> Exercise aim
A verbatim copy is needed of the lines below from the one containing "- Frank Virgilio" up to and including the one containing "Pantalón 5.11 Stryke TDU caqui Mujer", excluding pictures.

> Exercise materials
##########
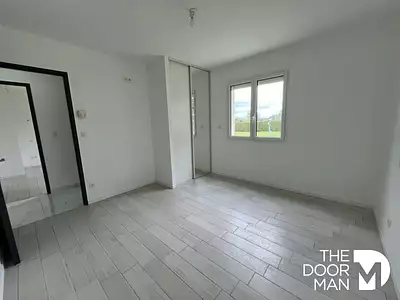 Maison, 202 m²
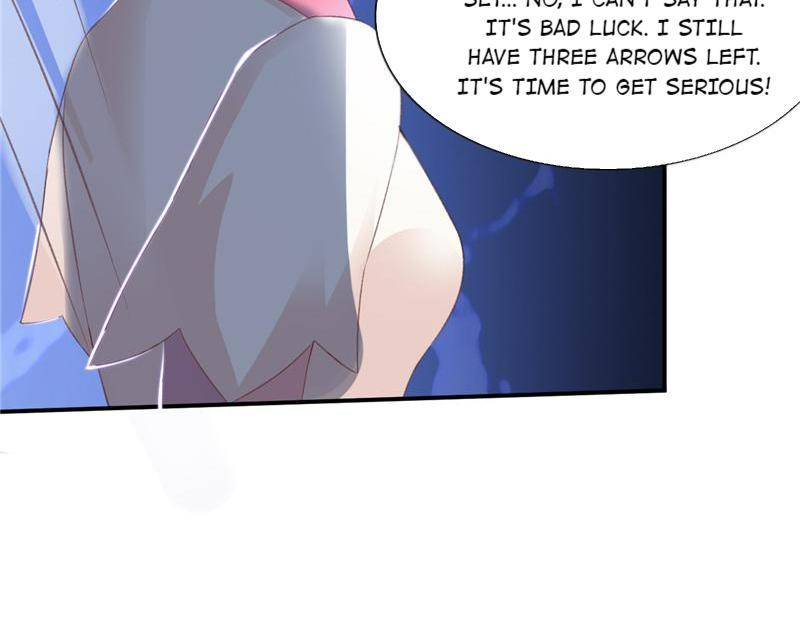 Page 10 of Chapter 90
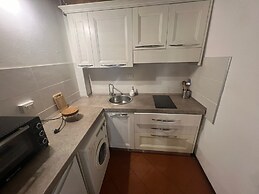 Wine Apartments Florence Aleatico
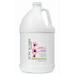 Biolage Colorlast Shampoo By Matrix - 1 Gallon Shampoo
##########
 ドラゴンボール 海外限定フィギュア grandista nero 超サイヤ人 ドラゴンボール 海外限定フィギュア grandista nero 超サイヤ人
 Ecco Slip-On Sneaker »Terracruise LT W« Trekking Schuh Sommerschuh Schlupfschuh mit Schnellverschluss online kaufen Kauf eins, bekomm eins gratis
##########
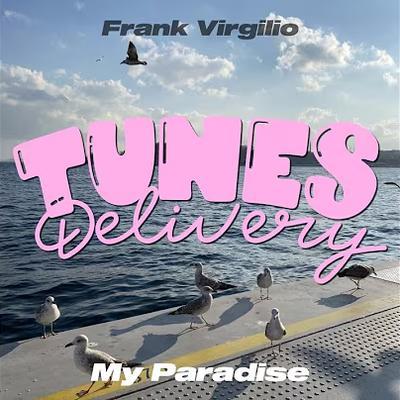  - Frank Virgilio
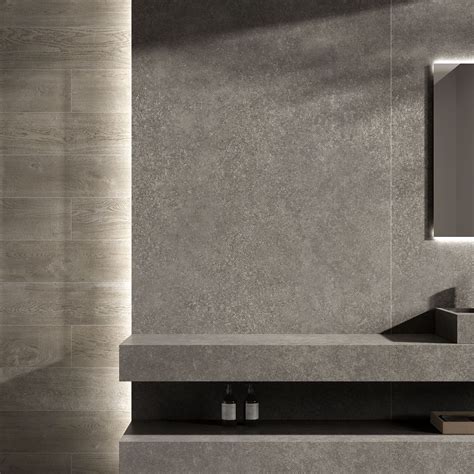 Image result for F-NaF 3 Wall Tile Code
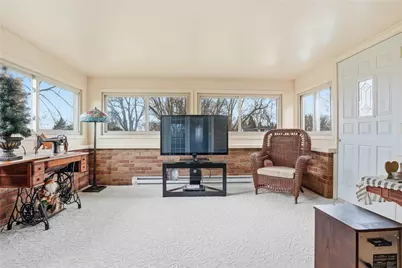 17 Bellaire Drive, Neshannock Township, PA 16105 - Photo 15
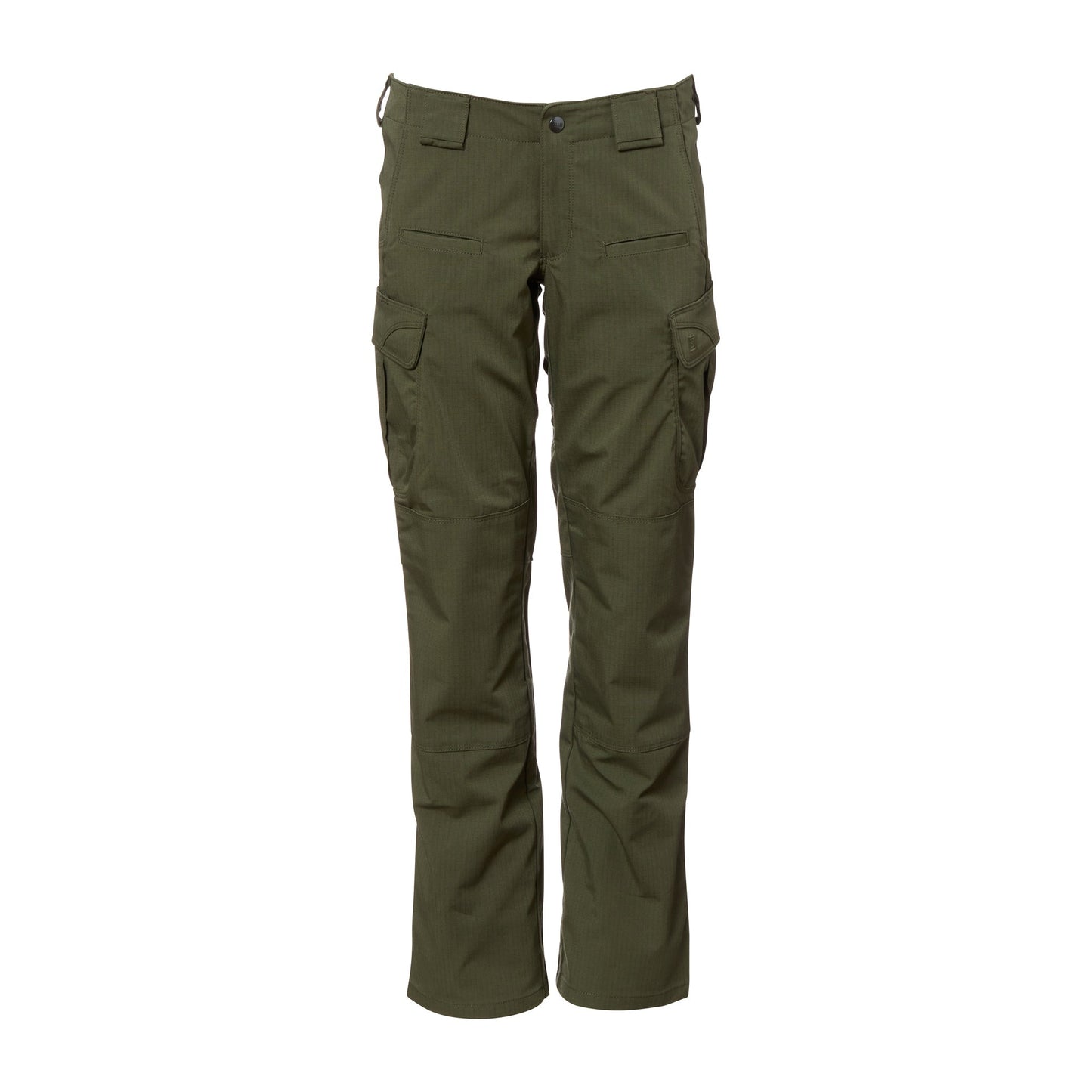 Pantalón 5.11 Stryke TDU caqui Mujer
##########
> Written response
  - Frank Virgilio
 Image result for F-NaF 3 Wall Tile Code
 17 Bellaire Drive, Neshannock Township, PA 16105 - Photo 15
 Pantalón 5.11 Stryke TDU caqui Mujer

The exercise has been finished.